The bubble burst wasn’t as bad as people made it out to be, and the new business models, services, innovations, and economic growth it spawned are unprecedented. Today marks the 25th birthday (silver jubilee anniversary) of the “dot com” domain name — the address that for many people defines the Internet. On March 15, 1985, a U.S. computer maker called Symbolics registered symbolics.com — the first “dot com” site.
Although Symbolics.com didn’t spark an instant gold rush, the event planted the first seed of a transformation that has changed the world into a Web-fueled digital river of news, commerce and social interaction.

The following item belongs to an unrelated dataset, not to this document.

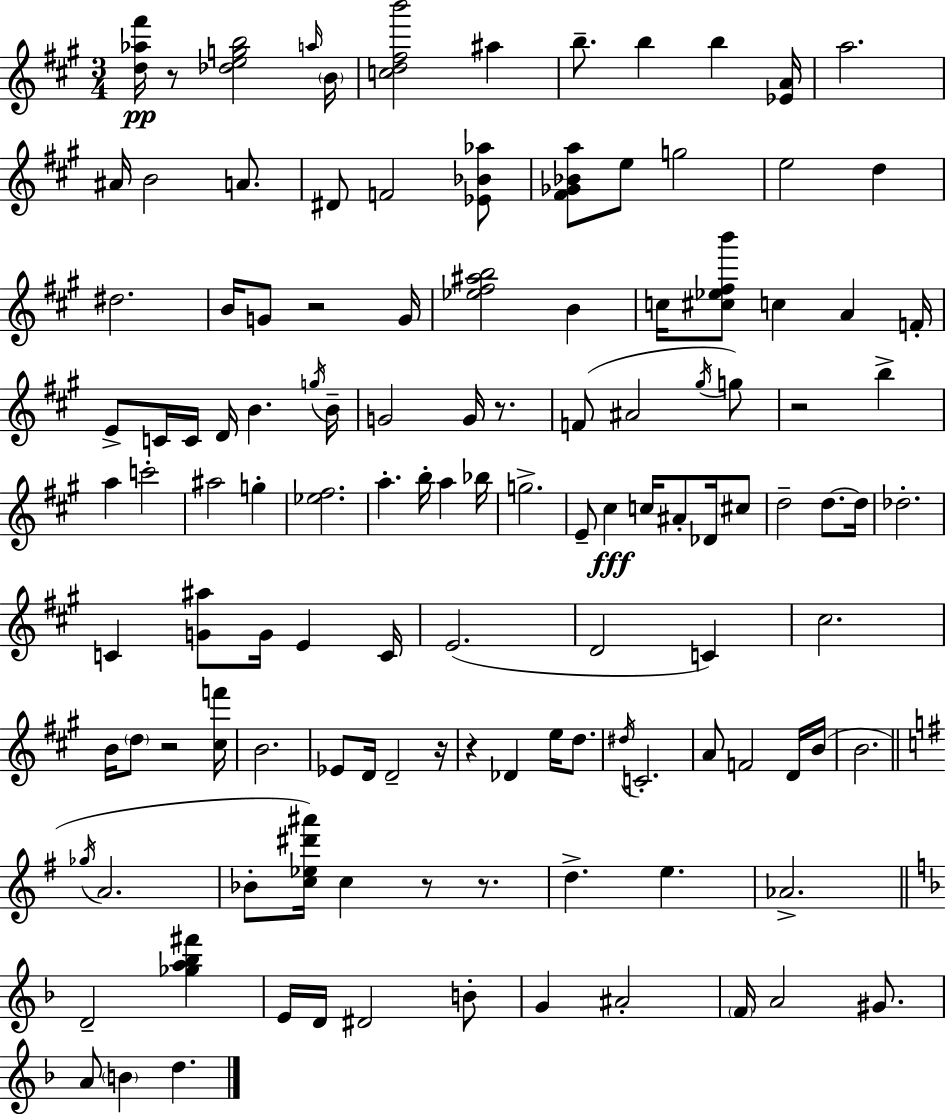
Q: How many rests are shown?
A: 9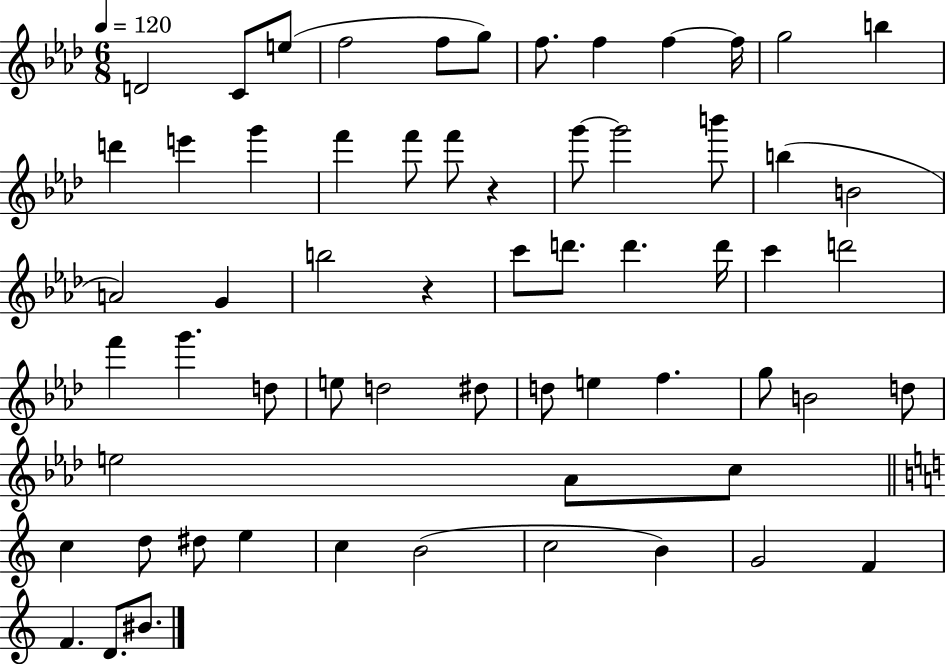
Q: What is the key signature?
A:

The domain was slow to catch on at first. Until the mid-1990s, relatively few people had a computer and hardly anyone knew what a “dot com” was. Some of the biggest names, like Apple, registered theirs only several years after Symbolics.
“Can you remember what it was like before the Internet, before .com?” said Mark McLaughlin, president and chief executive officer of VeriSign Inc. of Mountain View. “What about the next 25 years? Who can imagine that?“
In 1985, only six entities registered a .com, one of six top-level domain names created a year earlier in a reorganization of the early Internet’s naming bureaucracy. At the time, .cor (short for corporate) almost beat .com as the designation for commercial Internet addresses. 7 years later, by 1992, fewer than 15,000 .com domains were registered, but the number would flourish after Web browsers brought mainstream consumers into the World Wide Web and “made it so convenient to navigate,” McLaughlin said.
Since then, .coms have defined the Internet. Now there are 84 million domain names, including 11.9 million e-commerce and online business sites, 4.3 million entertainment sites, 3.1 million finance-related sites and 1.8 million sports sites. Cyberspace has since seen the development of a myriad of suffixes, such as “dot biz” for registration of domains to be used by businesses and “dot eu” for organizations and citizens in European Union member states. There also are country-code top level domain names — for example, “dot ru” for Russia, “dot ir” for Iran, or “dot af” for Afghanistan.
If growth in both business-to-business and business-to-consumer e-commerce continues to expand at even just half the pace we have seen over the last five years, the global value of e-commerce could reach $24 trillion by 2020. As businesses have adopted new products and services on the commercial Internet, ITIF estimates that the annual global economic benefits equal roughly $1.5 trillion. Granted, not all of this activity takes place through dot-com domains, but it is still substantial. ITIF estimates the dot-com-only benefits at roughly $400 million, and that figure is likely to double in the next 10 years.
I find it amusing that I was just 2 years old when world’s first “dot com” domain name was registered. What were you doing at that time? At that time did you think that internet would grow to this size that it is today?